Troisième aspect concernant cette fois le christianisme, c’est qu’on a là une vision d’un christianisme de faiblesse, autrement dit un christianisme qui se donne, donc qui ne cherche pas à conquérir, et on a là, le plus beau des christianisme. C’est le meilleur du christianisme. Un christianisme entièrement donné.

C’est le principe de la fraternité. Alors que liberté et égalité ne semblent pas fonctionner.

Oui, ce sont les valeurs faibles du christianisme, autrement dit, c’est l’idée de la fraternité, c’est l’idée de la communauté, c’est également l’idée de la fragilité, c’est l’idée de la ritualité, c’est aussi la chasteté. C’est donc tout un ensemble de valeurs qui sont des contre-valeurs dans notre époque.
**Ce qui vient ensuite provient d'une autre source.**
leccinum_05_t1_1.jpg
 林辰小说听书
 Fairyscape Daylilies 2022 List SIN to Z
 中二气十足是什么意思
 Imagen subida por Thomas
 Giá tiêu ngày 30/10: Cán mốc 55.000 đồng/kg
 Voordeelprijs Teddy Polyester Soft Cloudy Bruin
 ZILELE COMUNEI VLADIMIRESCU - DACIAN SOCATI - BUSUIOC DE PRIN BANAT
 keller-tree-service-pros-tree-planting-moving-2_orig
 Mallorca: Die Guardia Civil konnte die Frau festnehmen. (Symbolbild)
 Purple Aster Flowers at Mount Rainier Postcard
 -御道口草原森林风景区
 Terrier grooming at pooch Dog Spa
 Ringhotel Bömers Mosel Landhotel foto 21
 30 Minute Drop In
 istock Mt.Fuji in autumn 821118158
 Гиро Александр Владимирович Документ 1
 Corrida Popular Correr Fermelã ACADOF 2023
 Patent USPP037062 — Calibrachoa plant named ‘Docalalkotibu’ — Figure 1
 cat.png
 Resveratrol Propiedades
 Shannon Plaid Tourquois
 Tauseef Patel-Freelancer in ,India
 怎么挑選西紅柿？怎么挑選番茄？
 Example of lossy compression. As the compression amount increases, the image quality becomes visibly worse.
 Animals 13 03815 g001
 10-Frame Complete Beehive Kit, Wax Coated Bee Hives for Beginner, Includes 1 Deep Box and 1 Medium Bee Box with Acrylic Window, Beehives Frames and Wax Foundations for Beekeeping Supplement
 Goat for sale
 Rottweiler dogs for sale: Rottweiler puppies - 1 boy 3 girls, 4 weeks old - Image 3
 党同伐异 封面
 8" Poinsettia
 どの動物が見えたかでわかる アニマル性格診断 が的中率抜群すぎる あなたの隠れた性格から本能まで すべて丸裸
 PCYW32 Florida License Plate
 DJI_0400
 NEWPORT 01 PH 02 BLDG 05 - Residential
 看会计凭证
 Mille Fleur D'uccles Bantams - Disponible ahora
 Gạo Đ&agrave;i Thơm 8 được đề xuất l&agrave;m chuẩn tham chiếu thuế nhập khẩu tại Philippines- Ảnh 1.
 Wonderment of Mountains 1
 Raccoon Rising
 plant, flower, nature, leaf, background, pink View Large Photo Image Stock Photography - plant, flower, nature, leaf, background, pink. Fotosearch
Ce que je veux dire, c’est que nous sommes mis là face à la notion de « lien sociale », puisque les hommes sont reliés les uns aux autres, horizontalement et verticalement. C’est d’ailleurs la symbolique de la croix dans le christianisme ; une symbolique si puissante qu’on ne la voit pas du tout. Le christianisme, en nous reliant les uns aux autres nous relit également à Dieu ; aussi, suis-je relié à ce qui est plus haut que moi !

(Paru dans Chroniques d'actualité, n°3, juillet-août 2011)



[1] Jean-Pierre Denis, Pourquoi le christianisme fait scandale, Paris, Seuil, 2011.